> WHAT TO PRODUCE: Once the pictures have been removed, repeat the remainder of the records exactly.

> Brief descriptive captions:
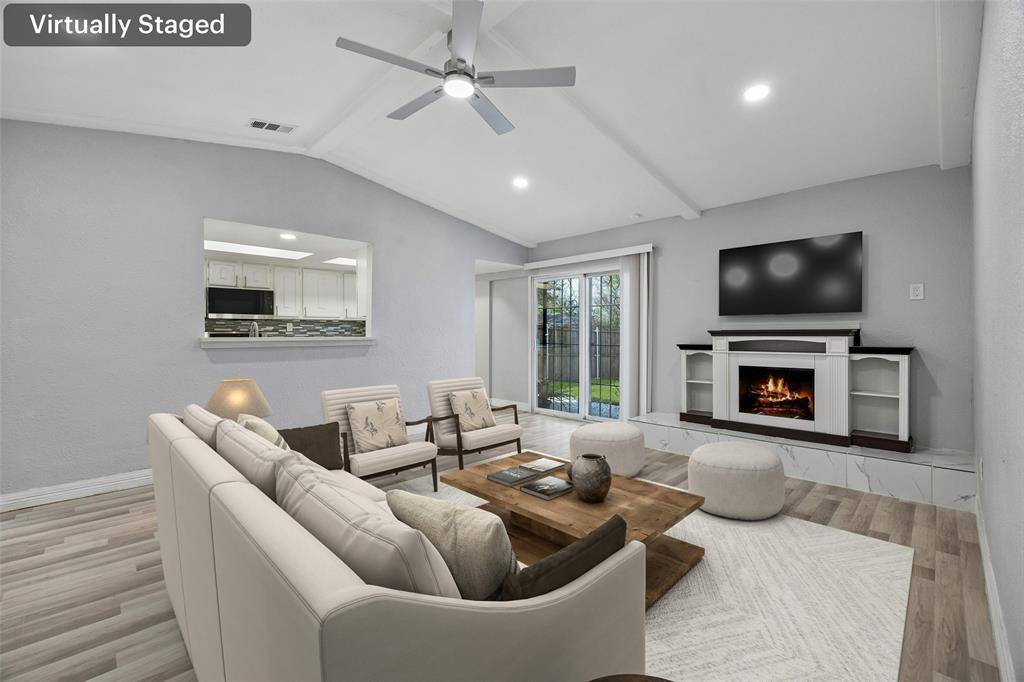 831 Kelso Drive, Dallas, TX 75211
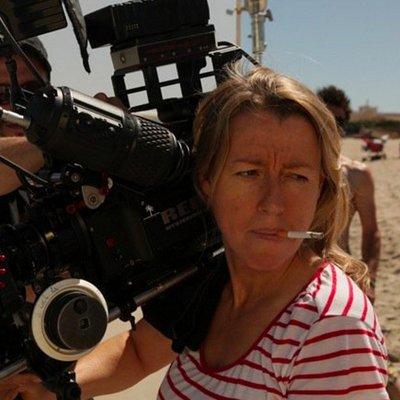 於英國文件離誌《THE FACE》成名的Elaine Constantine,在時尚界享負盛名,九十年代已被義大利《Vogue》編輯Franca Sozzani,和美國《Vogue》編輯Anna Wintour爭著採用拍攝雜誌封面。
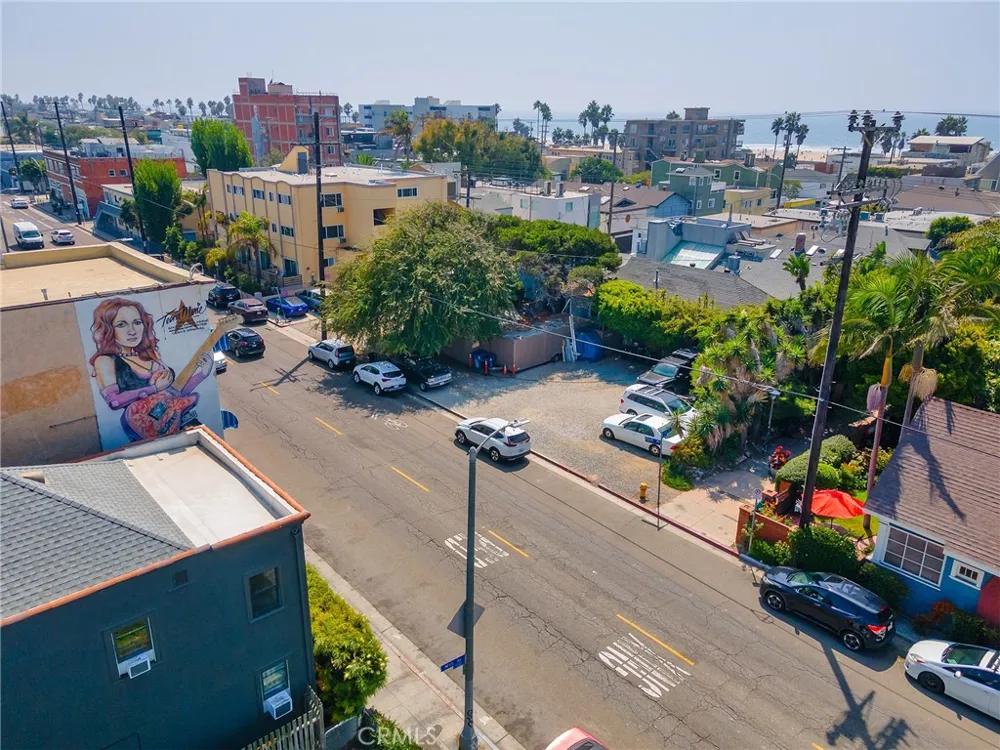 42 19th Avenue Venice, CA 90291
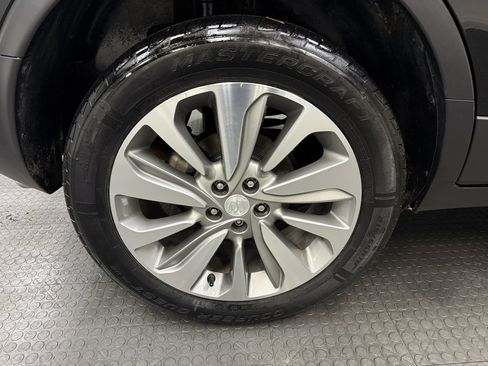 Used 2020 Buick Encore Preferred w/ Safety Package image 12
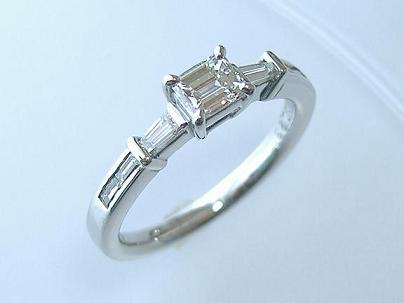 バゲットカット（長方形）ダイヤの婚約指輪（エンゲージリング）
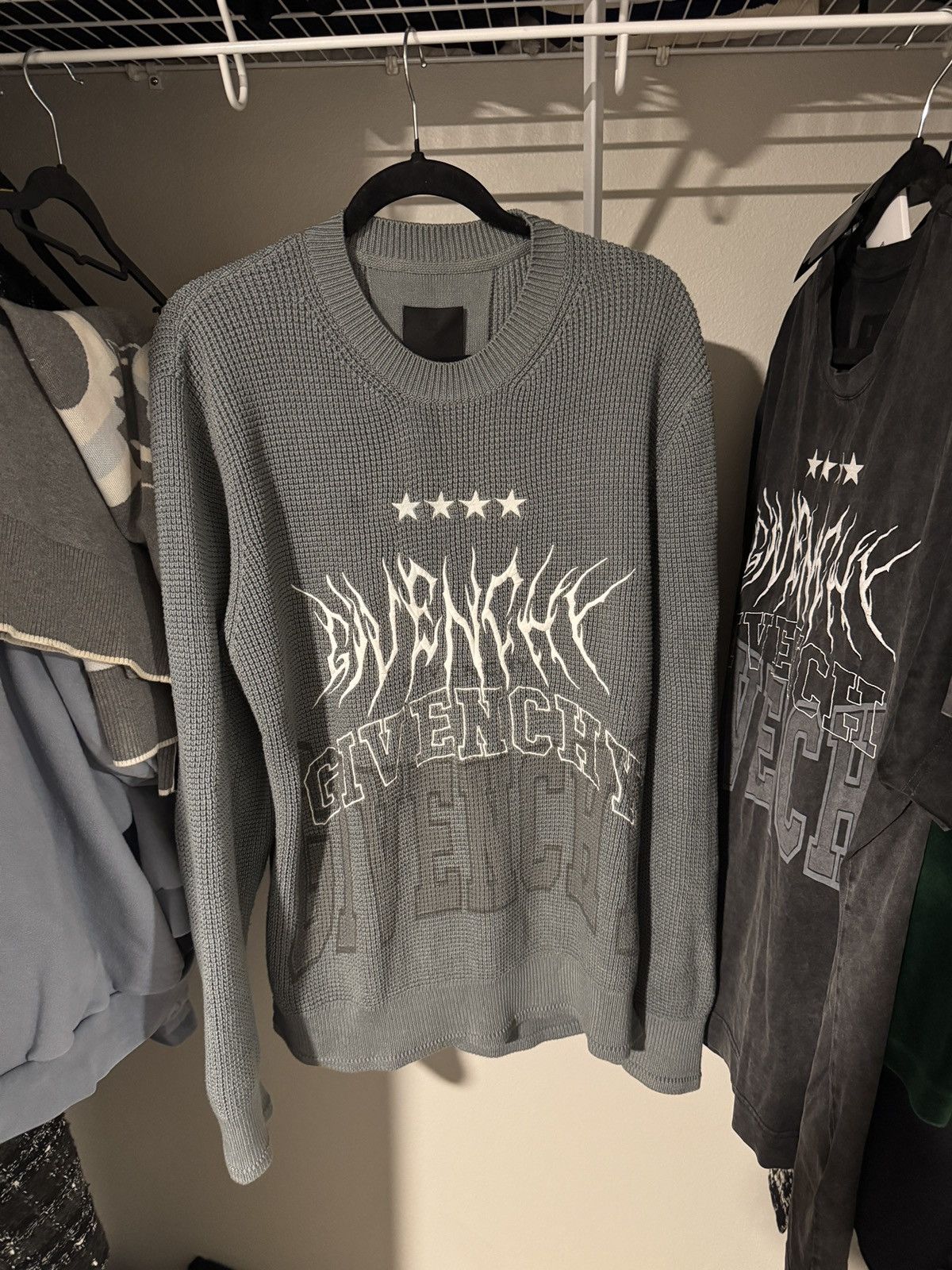 Givenchy GIVENCHY Logo-embroidered Waffle-Knit Jumper Crewneck Size US S / EU 44-46 / 1 - 1 Thumbnail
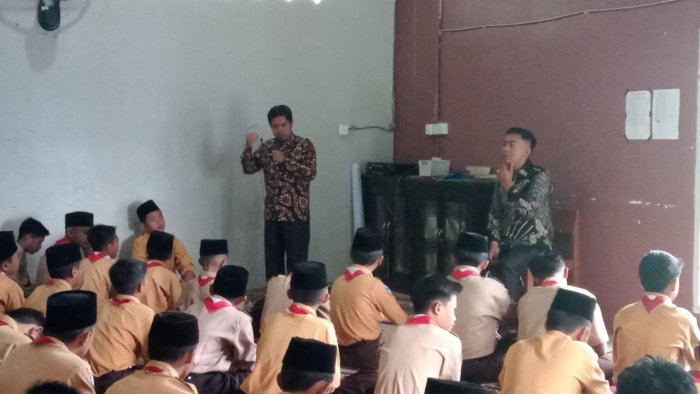 Bapak Mhd. Khairon, M.Pd  Jelaskan Tata Tertib Doa dalam Pembinaan Karakter Usai Sholat Dhuha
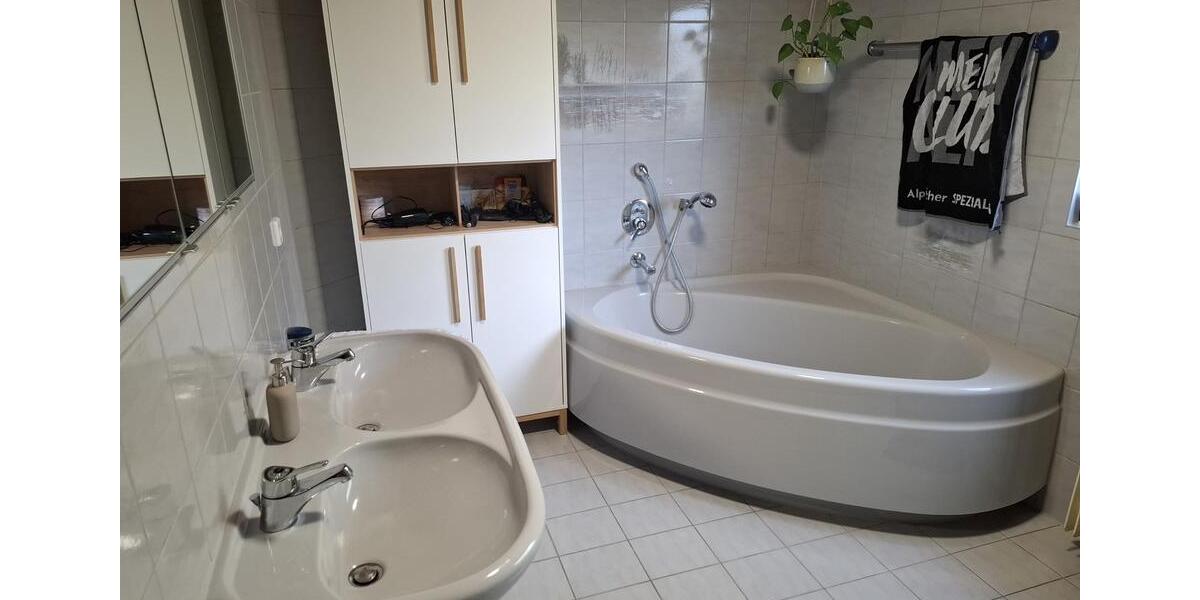 Erdgeschoßwohnung Dettenhausen - 3 Zimmer, 100 m&sup2;, 1.300&euro; | Angebot:27598188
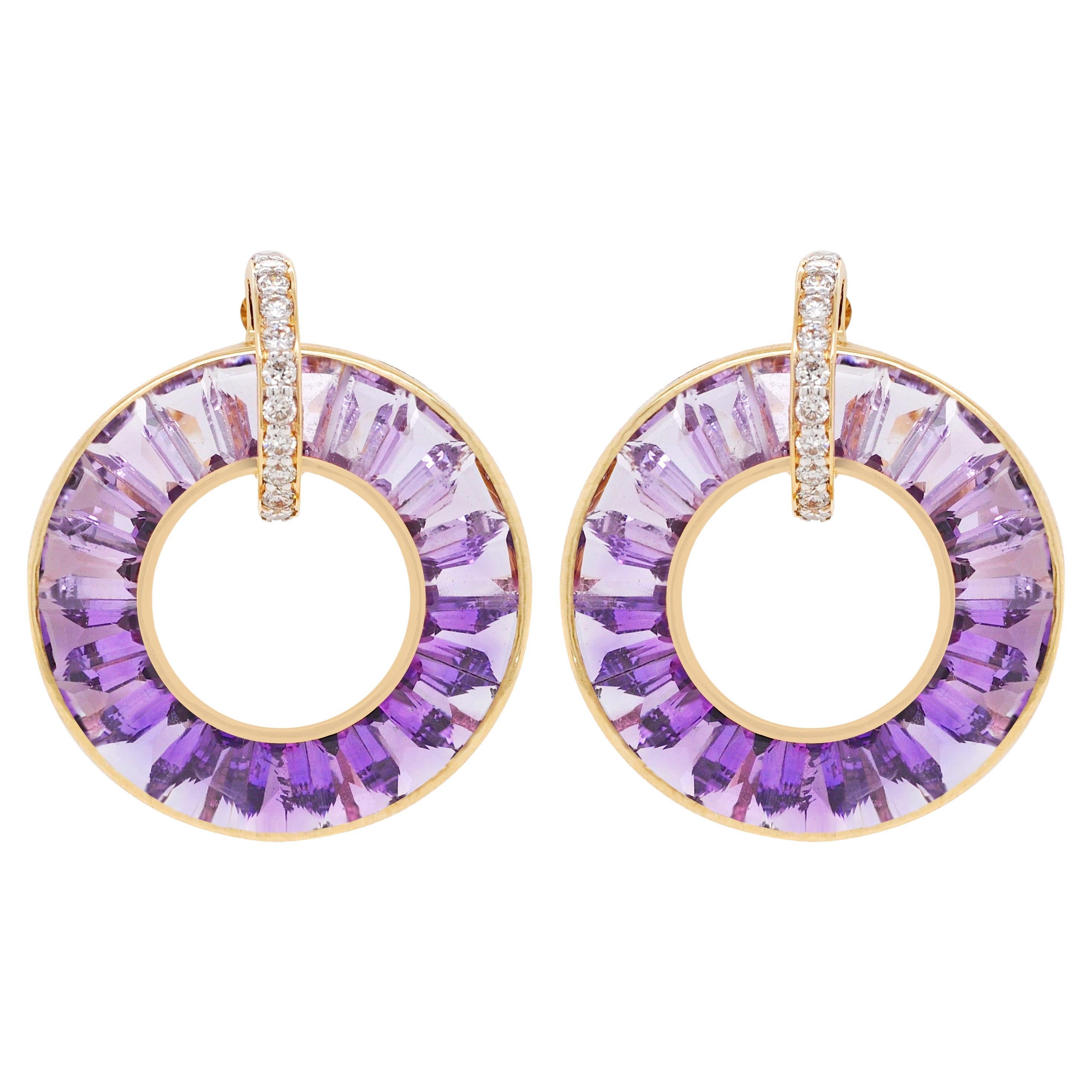 18 Karat Yellow Gold Tapered Baguettes Amethyst Diamond Circle Earrings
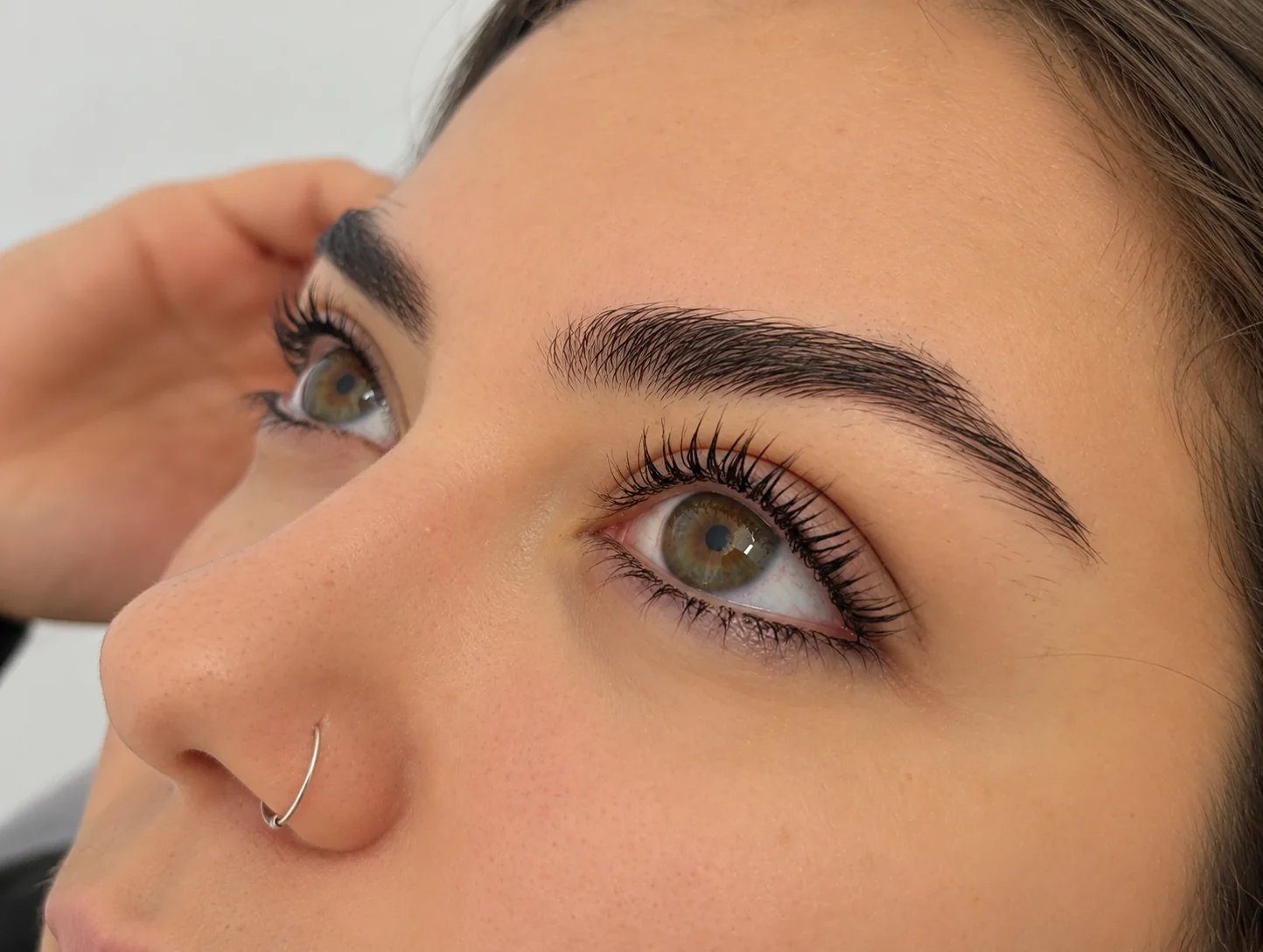Sopracciglia ed eyeliner col trucco semipermanente, di tre quarti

> SOLUTION BELOW:
 831 Kelso Drive, Dallas, TX 75211
 於英國文件離誌《THE FACE》成名的Elaine Constantine,在時尚界享負盛名,九十年代已被義大利《Vogue》編輯Franca Sozzani,和美國《Vogue》編輯Anna Wintour爭著採用拍攝雜誌封面。
 42 19th Avenue Venice, CA 90291
 Used 2020 Buick Encore Preferred w/ Safety Package image 12
 バゲットカット（長方形）ダイヤの婚約指輪（エンゲージリング）
 Givenchy GIVENCHY Logo-embroidered Waffle-Knit Jumper Crewneck Size US S / EU 44-46 / 1 - 1 Thumbnail
 Bapak Mhd. Khairon, M.Pd  Jelaskan Tata Tertib Doa dalam Pembinaan Karakter Usai Sholat Dhuha
 Erdgeschoßwohnung Dettenhausen - 3 Zimmer, 100 m&sup2;, 1.300&euro; | Angebot:27598188
 18 Karat Yellow Gold Tapered Baguettes Amethyst Diamond Circle Earrings
Sopracciglia ed eyeliner col trucco semipermanente, di tre quarti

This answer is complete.